Screenshot of a 2022 Seattle Bike Blog tweet with photos of a Veo Cosmo e-bike and text: I finally rode a Veo shared “bike.” It was zippy, sturdy and fun. I prefer it to Wheels, it’s closest competitor. But it’s definitely a scooter with pedals. I was surprised how low the gear ratio was. Above maybe 5 mph, the pedals do nothing.
Our review of the original Veo Cosmo-e bike when they first launched in Seattle.

Veo paused Seattle service as of March 1, but the company says they will return in “several weeks” with refreshed e-bikes and revamped operations.

With the demise of SuperPedestrian and their LINK scooter service as well as the ongoing bankruptcy of Bird, Lime has been eagerly gobbling up market share in Seattle. Veo, meanwhile, is not trying to compete directly with the stand-up scooters or traditional e-bikes, at least not yet. Instead, their Cosmo-e bikes land smack dab in the middle. They are essentially a sit-down scooter with a throttle but with bicycle pedals that don’t do much if anything. Veo does have a more traditional e-bike model called the Halo as well as a very interesting two-seater scooter called the Apollo, but the company is not planning on bringing those to Seattle at this time.
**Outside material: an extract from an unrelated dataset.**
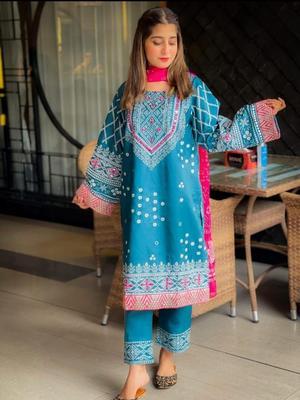 3 Pcs Women's Stitched Katan Silk Chunri Suit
When they restart service, they will be bringing revamped versions of the existing Cosmo-e bikes, according to a company spokesperson.

“We are making multiple upgrades to improve ride quality,” the Veo spokesperson said. “While refreshing our fleet of Cosmo-e vehicles is our current focus, Veo is excited about the possibility of bringing new vehicle types to Seattle in the coming years.”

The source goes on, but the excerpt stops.